Handy for pulling data out for investigation externally you can copy os save the data right from this node monitor
This is more about RegEx split node… would be nice to be able to rename the output field(s) in the node. The alteryx RegEx tool allows you to define multiple groups of values and output to multiple fields and you can choose replace the value into the same column. This doesn’t seem possible in the knime node.
an example of debugging and wanting to pull out a couple rows of data to quickly test… while trying to get the RegEx syntax right to cover all problem data values I could filter the rows and them want to pull some sames of data missed my regex… and test on this site: https://regexr.com/ I want to pull some of the data to play with the regex format to see if it catches all occurrences.
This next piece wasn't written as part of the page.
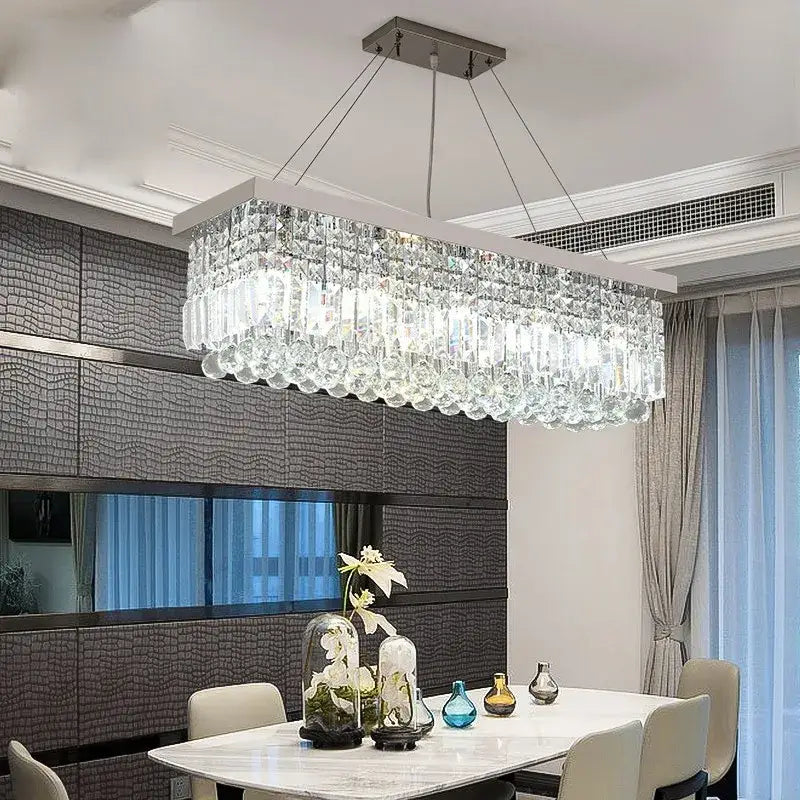 Modern gold crystal pendant light rectangular chandelier with sleek silver frame and cascading clear glass prisms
Just want to cut and paste… don’t want to have to export to a file and open the file to cut and paste to web site.
Knime is rally good but I was to push to make it better. Example of why having visual cues are so important. Debugging a problem with a Join… Had a list of 10 city and a long table with 100s of cites… tried to join based on city… only 3 cities matched… maybe misconfigured the Join? or Misspelling? must be a leading or trailing space… added a String manipulation (misconfigured it but no errors)… to check had to right click to open output table and then select a cell and them copy from the menu (that’s alot of steps to test somethin this simple). did this over and over until I figure out what was misconfigured (30 mins)…would have been 10 sec in Alteryx because the interface make it easy to inspect a value and highlight when there are nulls and leading and trailing spaces. It even has a tool (data cleansing) to remove such things automatically across numerous fields… perhaps this is a Component (haven’t looked).
Adding to the feature request suggestion… if the node hasn’t been executed… then the default should display the incoming data (and highlight that icon or port in the monitor)… If the node has executed then default to displaying one of the outgoing tables (should remember what was last selected)… if there isn’t an obvious one then just select top… This should never cause a node to run… as some have worried as would slow workflow development.
I’m sure you already know this… If the code used for the Node output table could be used in the Node Monitor Port Output (data display) it would take care of parts of the below asks. Also means you won’t have parallel code to maintain that essentially does the same function.
Working on any node with multiple inputs (like the Recursive Loop nodes) and it’s your first time using the node… being able to see the data at each input and output really helps you figure out what is going on. Also seeing the data on the Flow Variables would have helped alot.
I know I’m beating a dead horse… but being able to see the incoming data table while configuring the current node is really hand when working/building with Components where it’s a pain to see the incoming node and it’s data.
I would like to have a very nice and handy feature: auto wiring.
Like Alteryx, when dragging a new node near the output of another wire, the link between the two is automatically done.
Hi Luca,
KNIME has something similar. Just select the node you want to add a successor and then double click on the successor node in the node repository. This will add the successor node to the workflow and links it to the selected node.
Bye
Tobias
Fully agree with the config windows. What is annyoing is the modal aspect. Having it a separate window as now is fine as long as it isn’t modal.The double-clicking can be avoided by using shortcuts (F6)
Was confused about the comment of the missing values. I think the issue is in the normal table it’s a red ? so hence easily distinguished from the character ?. But in the node monitor it indeed is a black ? so no way to know if it’s missing or not.